In 2017, our founder Danny Peters (link to about us page) worked together with Natuurmonumenten, an organization that buys, protects and manages nature reserves in The Netherlands. He mapped the experience of visitors to a natural park. The ultimate goal of the organization was to promote the membership program and for which Customer Experience was the key. At the beginning, the team from Natuurmonumenten thought they only had 3 channels with the respective touchpoints for visiting an information center in the park: the website, the center itself and the app. After a full day workshop, we were able to map 19 channels, all of them linked to each other. For example, the visitor read the magazine, looked for the address on the website, called to make a reservation for an activity, had contact at the reception, talked to a park ranger and even checked their mobile phone for the nearest restaurant for after the activity. With these insights in mind, they were able to re-design the journey through optimizing and synchronizing the channels, which made it easier for the visitor to find the information, book an activity, and even find a discount for the nearest restaurant.

Reverse Engineering

Basically, a customer journey map is a representation or model of all the touchpoints where customers come into contact with your company, online or off. You might then proceed with identifying moments of truth and after that implement improvement ideas. However, this approach as helpful as it might seem might get you caught up in loose, individual, incremental improvements. Reverse thinking on the other hand, requires greater ambition. Instead of improving loose touchpoints in the intent of working towards the desired customer experience, reverse thinking redesigns the entire journey based on the client’s perspective. This may mean eliminating touchpoints and changing your entire operating system in the delivery of the experience. This gives you the chance to nail 100% of the experience instead of improving 15% in an individual touchpoint.

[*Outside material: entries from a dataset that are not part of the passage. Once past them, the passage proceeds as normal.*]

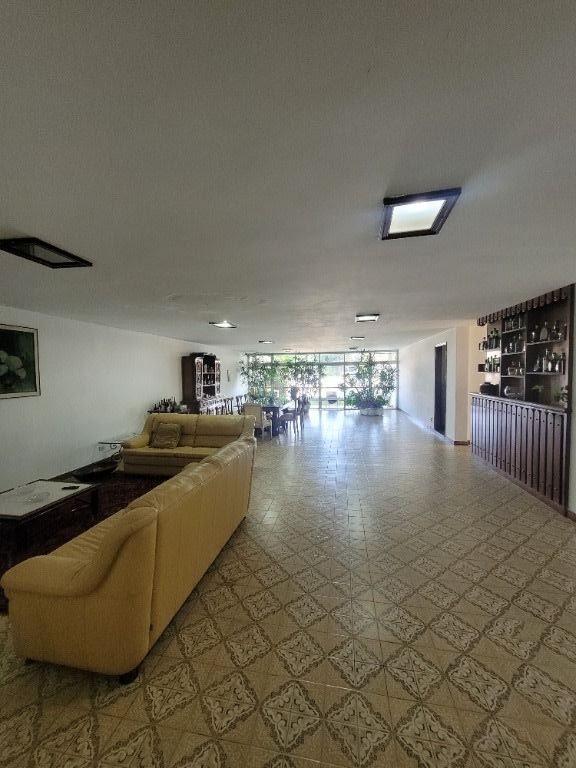 Sobrado à venda com 3 quartos, 425m² - Foto 21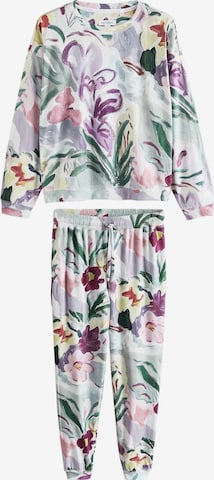 Pijama de la Next pe verde: față
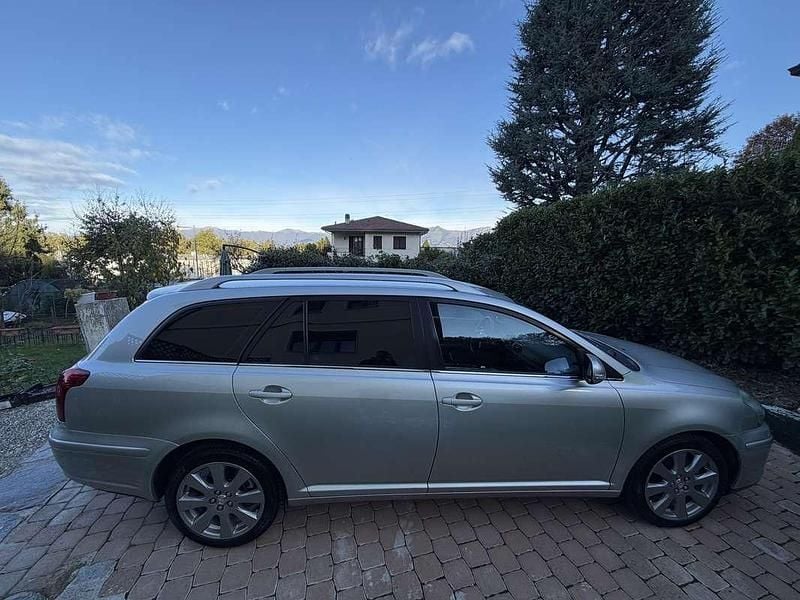 Usata Toyota Avensis 126 CV (92 kW) 2006 Station wagon
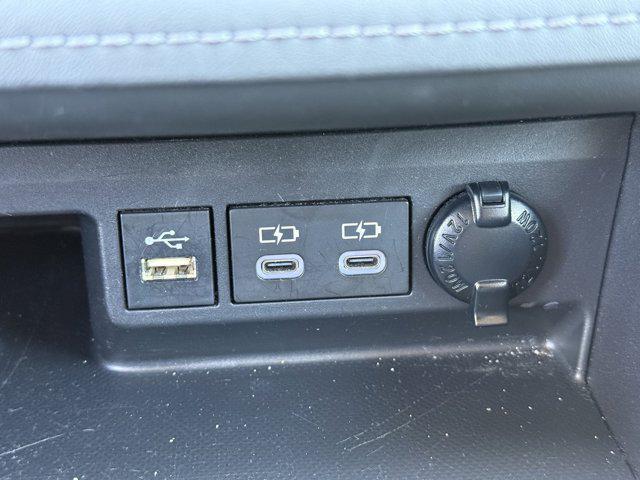 used 2023 Toyota Highlander car, priced at $35,500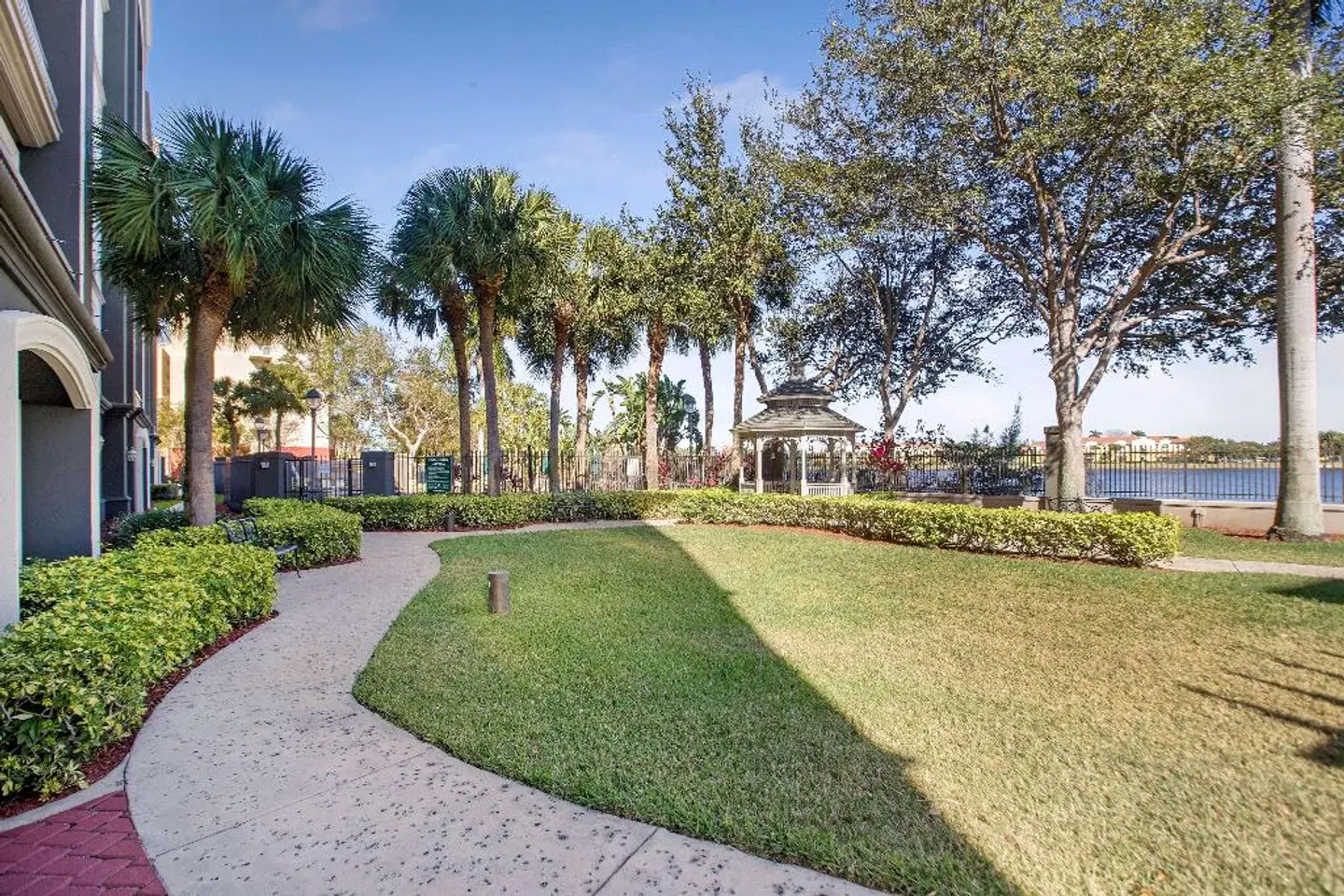 La Quinta Inn & Suites by Wyndham Ft. Lauderdale Airport GARDEN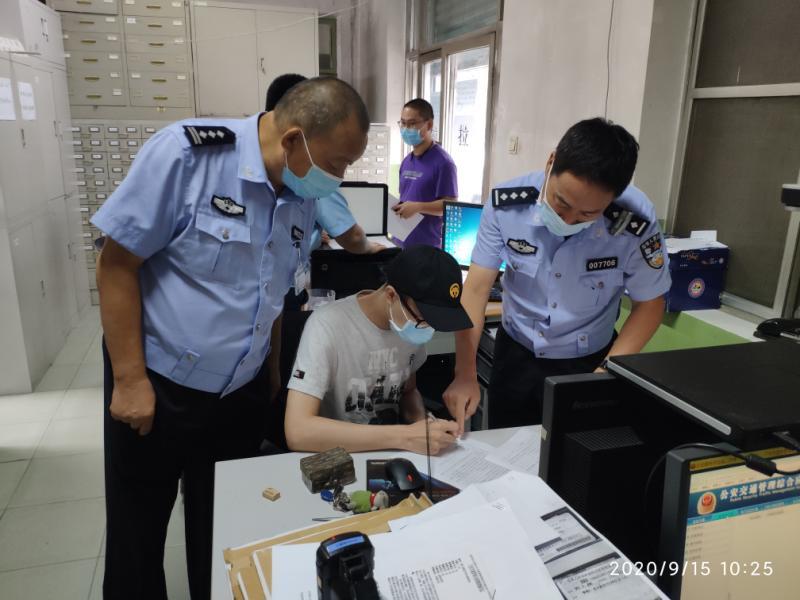 保时捷|接到举报5小时，交警找到遮挡号牌的保时捷司机，扣12分！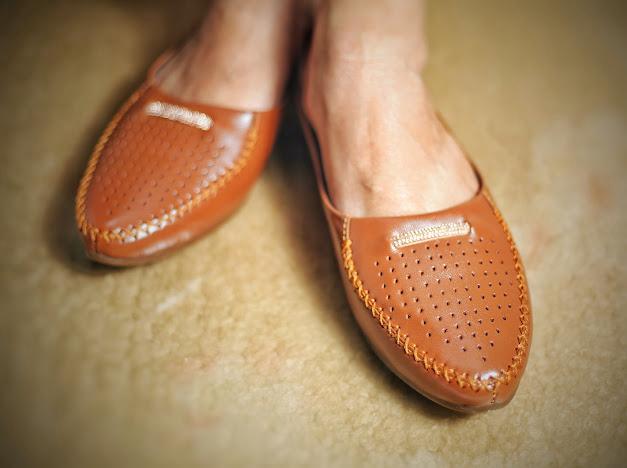 Elegant Pattern Leather Slip-On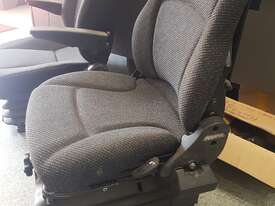 Sears 5520 Series Mechanical Suspension Seat - picture1' - Click to enlarge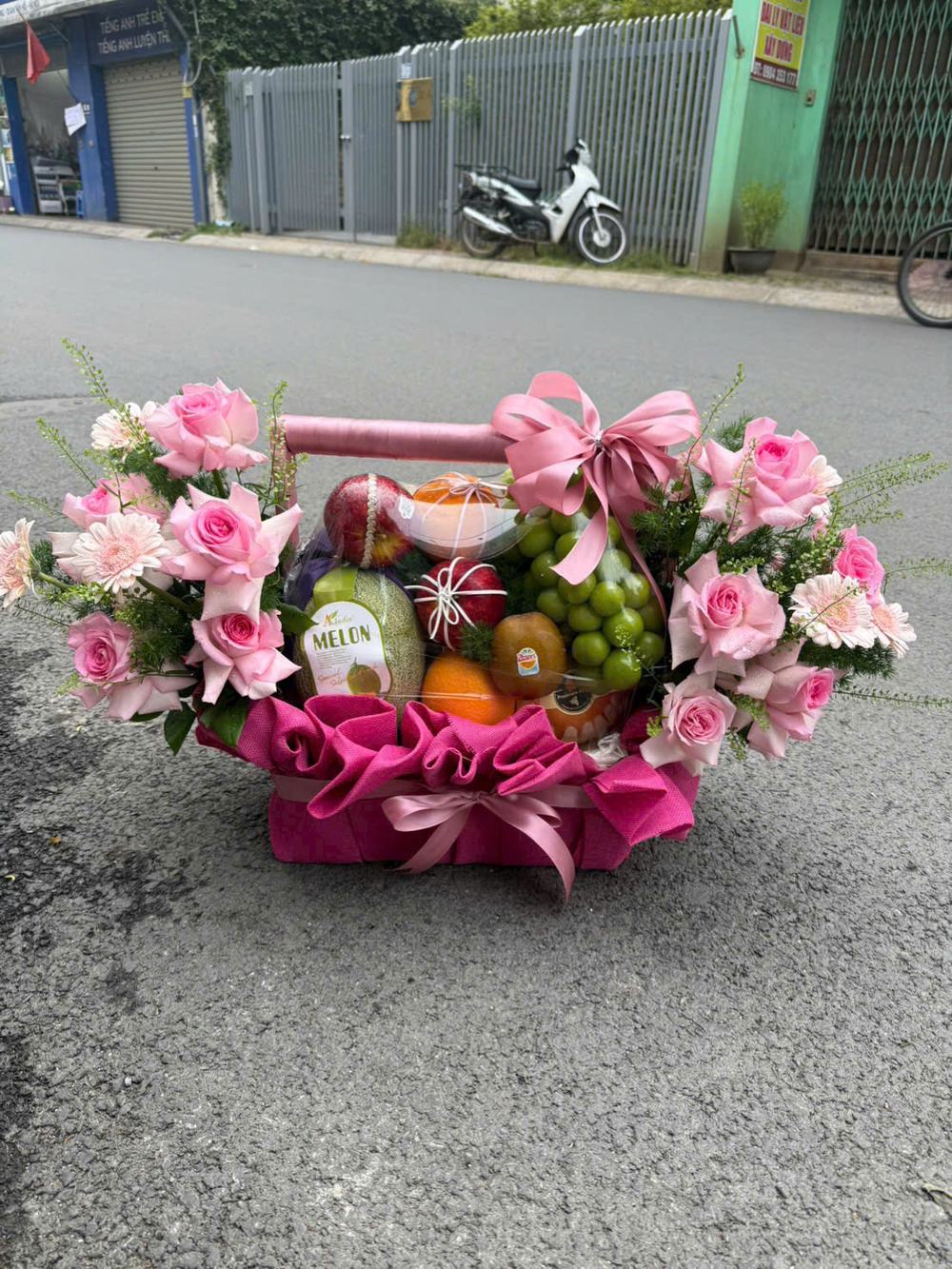 Giỏ trái cây phối hồng pastel tông hồng, xanh, đỏ và cam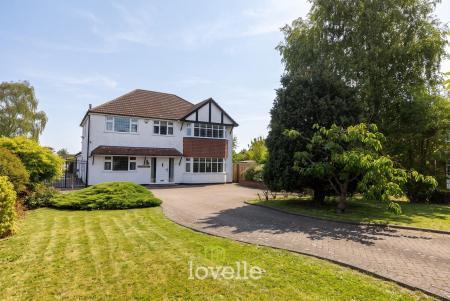 4 bedroom Detached house for sale in Tetney Lane, Holton-Le-Clay, DN36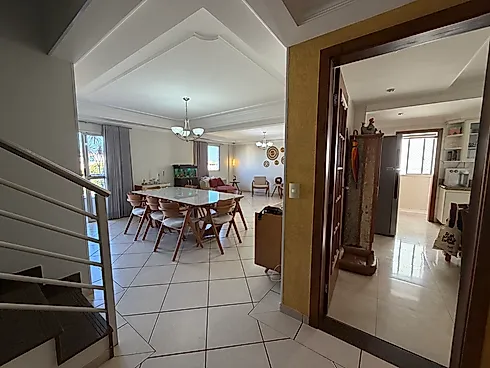 Cobertura 5 Quartos com 3 Suítes e 303m² - Santa Mônica - Cobertura em Santa Mônica, Uberlândia - Foto 3
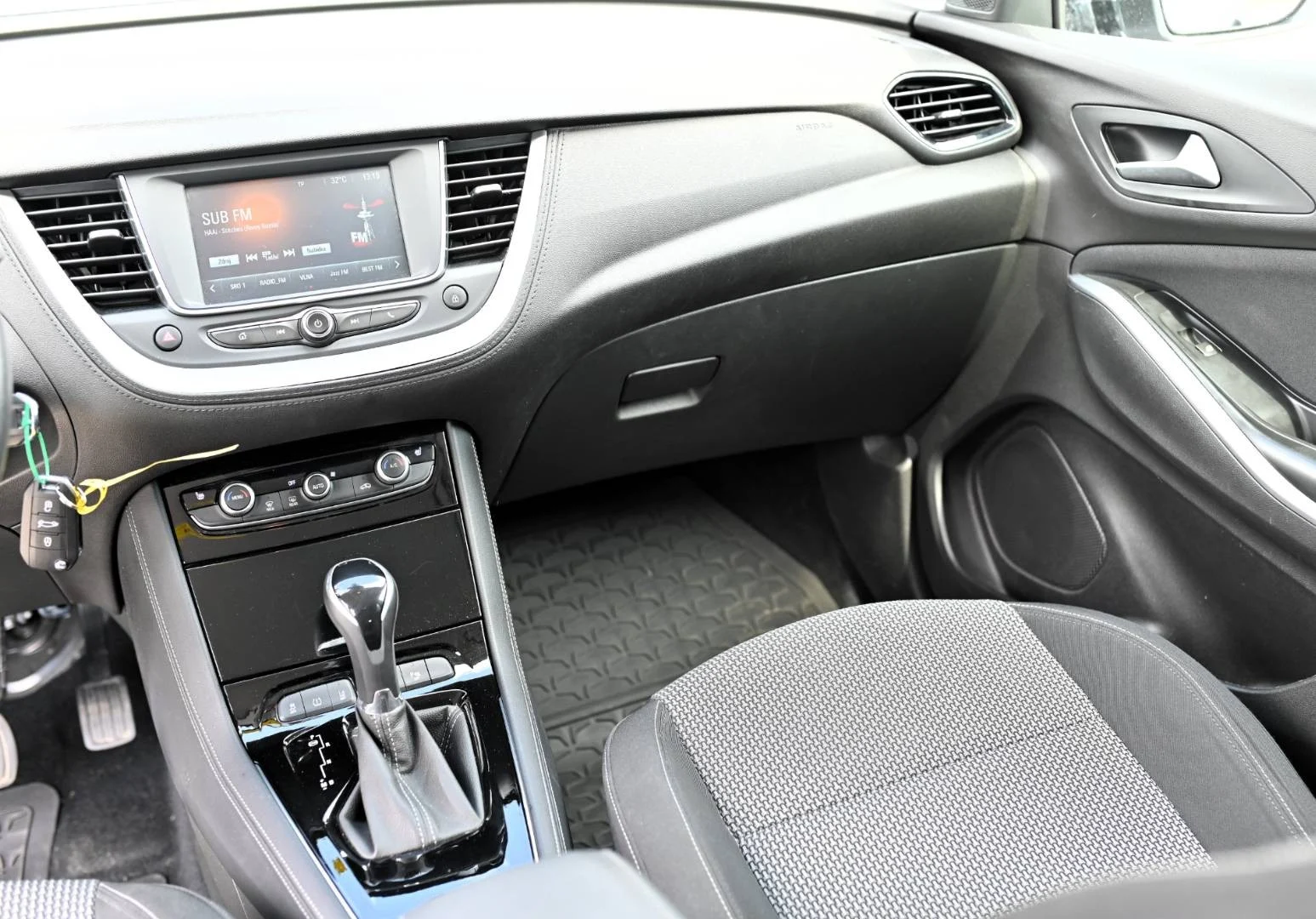 Opel Grandland X 1.2 TURBO S&S Selection A/T8 | Begam Trnava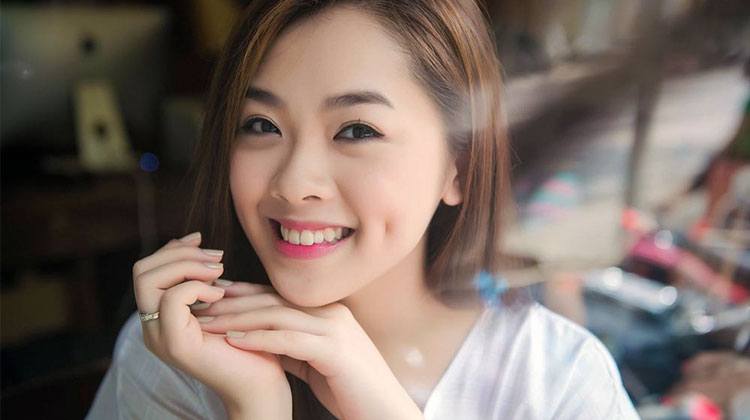 beautiful Viet girl's face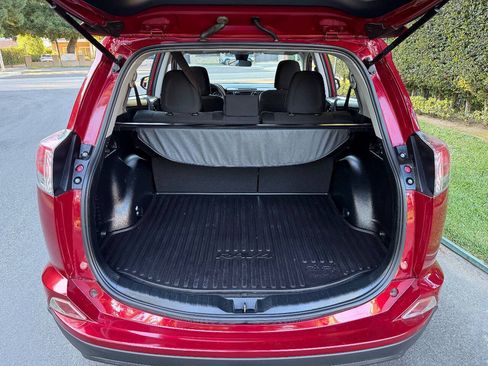 Used 2018 Toyota RAV4 LE w/ All Weather Liner Package FWD image 17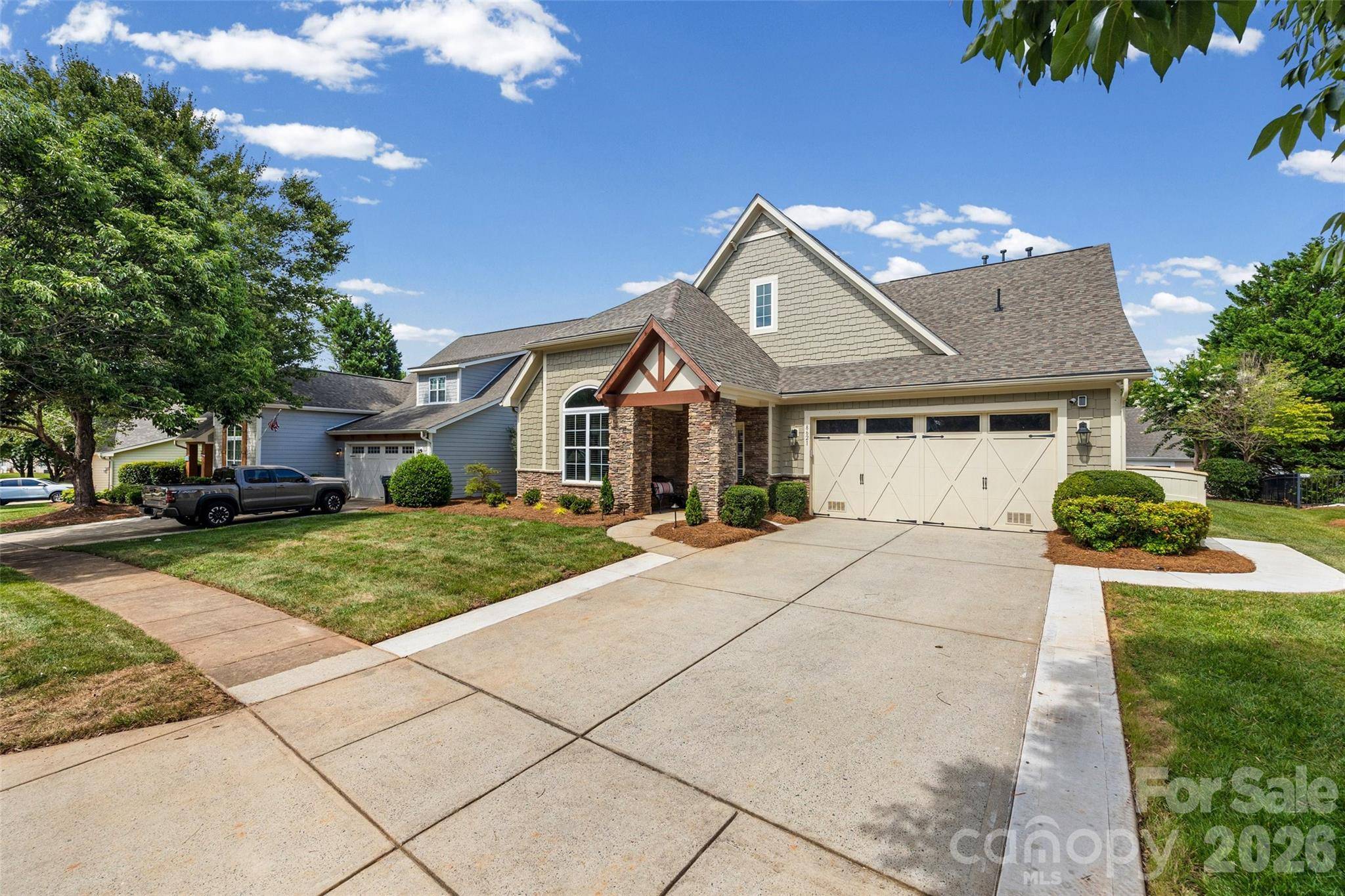 8621 Sequoia Grove LN, Charlotte, NC 28214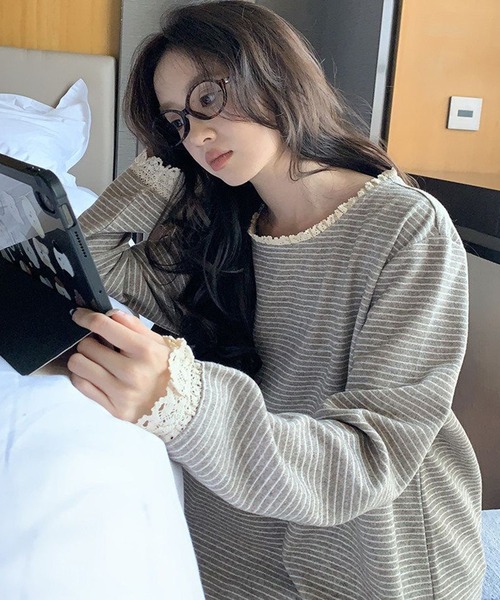 AsheKsha(アシクシャ)の「森系の優しい風のレース付きストライプゆったり長袖トップス(Tシャツ/カットソー・レディース・ベージュ・M)」の21枚目の写真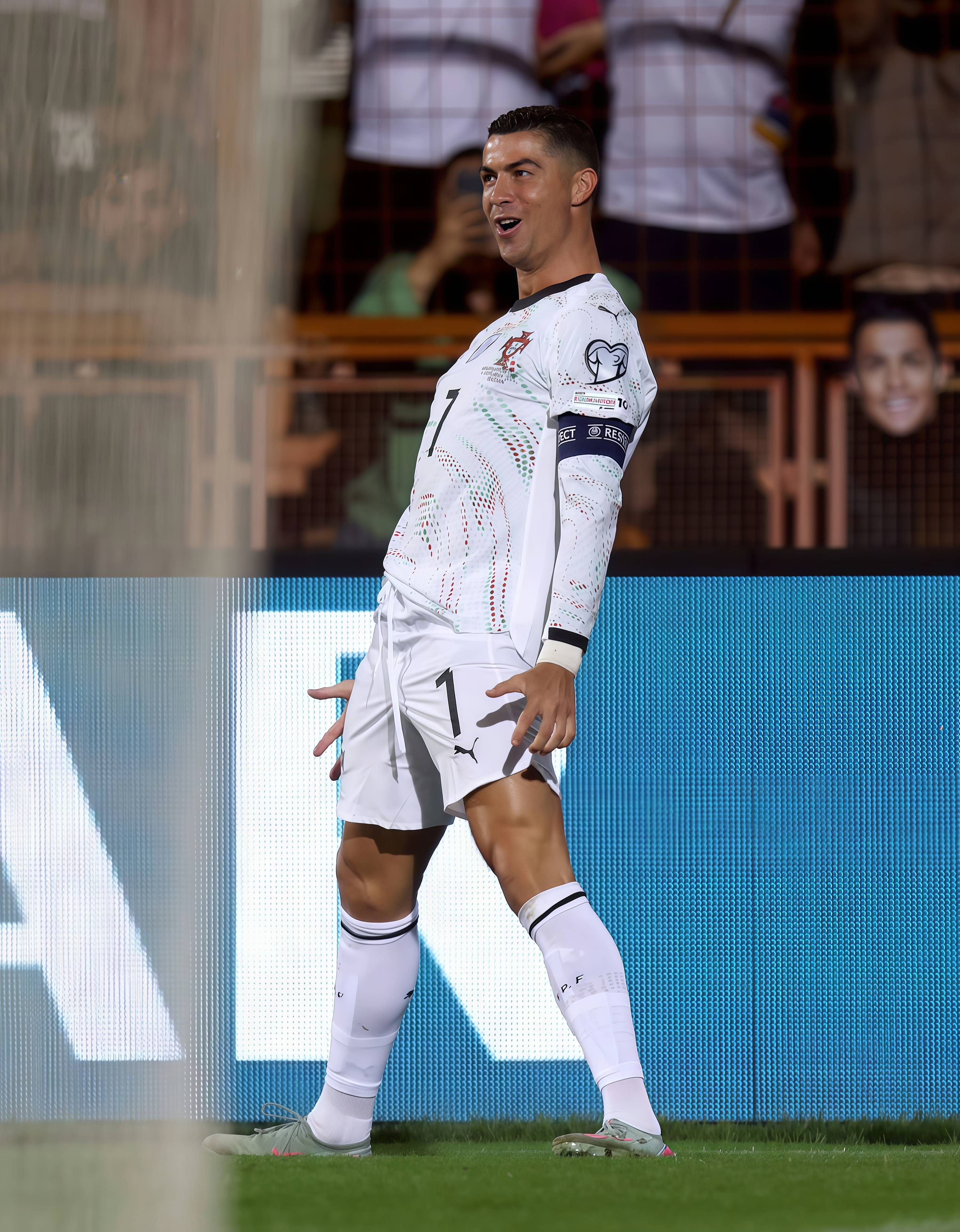 雷火电竞网站-AC米兰险胜国米，C罗梅开二度欧冠的简单介绍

Reverse Thinking and Engineering from Conexperience

Reverse Thinking and Engineering

The biggest challenge of this exercise is employees and managers usually get trapped discussing about internal processes and KPI’s and tend to think “this would be too expensive to implement”. They think about how things worked out today, rather than what customer onboarding and retention really means to the customer, and what the customer really wants. They struggle to think like the customer, to really understand the goals of the customer in their everyday personal or business lives, and how they want to experience services.

By analyzing customer journeys in reverse, companies can pinpoint the operational improvements that will have the greatest effect on customer experience. At a multinational in Europe, our founder and also founder at Conexperience, Danny Peters, designed a complete journey for a new app that is to track the movement of elderly and notify family members for any unanticipated moves. With the Customer Journey 6 step methodology on which Milkymap is inspired, it was possible to get stakeholders and customers in one room and design all the micro moments in a timeline, including needs and channels. The targeted emotions were also mapped, so that the communication could be built per episode of the journey. After the journey was ready and validated, it was time to translate the micro moments into user stories, which was picked up by the Scrum teams. They could easily relate the functionalities to be built in the customer journey and the emotions and communications designed based on the needs of the customer. 100% customer centered.
With these tips, you’ll be sure to be heading in the correct direction and take the right approach to achieve a customer centered operating model and most of all, a company that is loved both by your employees and customers.